It may seem obvious that Americans with more than a million dollars in a brokerage account worry less about retirement — if they didn't worry less, just imagine what that would mean for the less fortunate. And news about America's retirement crisis is on autoplay in the financial press.
But there's a more optimistic message from these millionaire investors.
The ones surveyed by E-Trade are self-directed, meaning they reached millionaire investor status on their own, without sophisticated investment strategies available only through an exclusive private bank or a financial advisor running their portfolio.
When you look at how they made it, you will notice that investing smartly doesn't require any secret formula. Just a few basic, simple rules.
"These are the folks who did the fundamentals right," said Lena Haas, E-Trade's senior vice president of retirement, investing and savings. "Of course it's nice to have money to have more comfort in your daily decisions, but the big factor is, they've adhered to sound financial principles."
When asked what financial advice they would give to a younger investor, these are the top three recommendations of self-directed millionaire investors:
1. Eighty-five percent advise starting to save as early as possible.

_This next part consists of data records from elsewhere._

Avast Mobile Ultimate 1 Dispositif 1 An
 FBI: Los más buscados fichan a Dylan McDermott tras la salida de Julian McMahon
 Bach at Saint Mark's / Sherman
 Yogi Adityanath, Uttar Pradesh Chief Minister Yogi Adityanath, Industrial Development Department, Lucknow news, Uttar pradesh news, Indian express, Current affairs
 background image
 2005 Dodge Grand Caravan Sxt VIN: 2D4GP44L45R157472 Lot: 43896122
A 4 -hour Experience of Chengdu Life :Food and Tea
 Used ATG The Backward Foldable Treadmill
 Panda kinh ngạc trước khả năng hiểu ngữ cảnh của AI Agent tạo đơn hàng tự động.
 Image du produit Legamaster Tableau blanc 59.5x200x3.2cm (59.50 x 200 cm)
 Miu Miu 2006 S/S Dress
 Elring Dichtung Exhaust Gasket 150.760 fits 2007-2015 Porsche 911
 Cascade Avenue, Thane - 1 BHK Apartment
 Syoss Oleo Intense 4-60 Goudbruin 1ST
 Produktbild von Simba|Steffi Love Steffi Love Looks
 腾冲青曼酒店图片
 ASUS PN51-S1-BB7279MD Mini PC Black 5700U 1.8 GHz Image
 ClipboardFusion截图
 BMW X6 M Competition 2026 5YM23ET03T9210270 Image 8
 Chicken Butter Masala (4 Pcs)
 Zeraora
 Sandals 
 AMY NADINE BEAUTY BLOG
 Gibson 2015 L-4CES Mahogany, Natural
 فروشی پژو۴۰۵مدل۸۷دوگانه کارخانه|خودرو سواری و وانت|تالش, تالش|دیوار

2. Sixty-three percent suggest investing for the long term and never trying to time the market.
3. Sixty-one percent say you should contribute enough to your 401(k) to get the full employer match.
Working with a financial advisor to create a plan was cited by only 9 percent of these investors.
"These people are successful not because they won the lottery. There's no magic bullet; it's just that they have done everything right," Haas said. "They started investing, they stayed disciplined, and they didn't get derailed."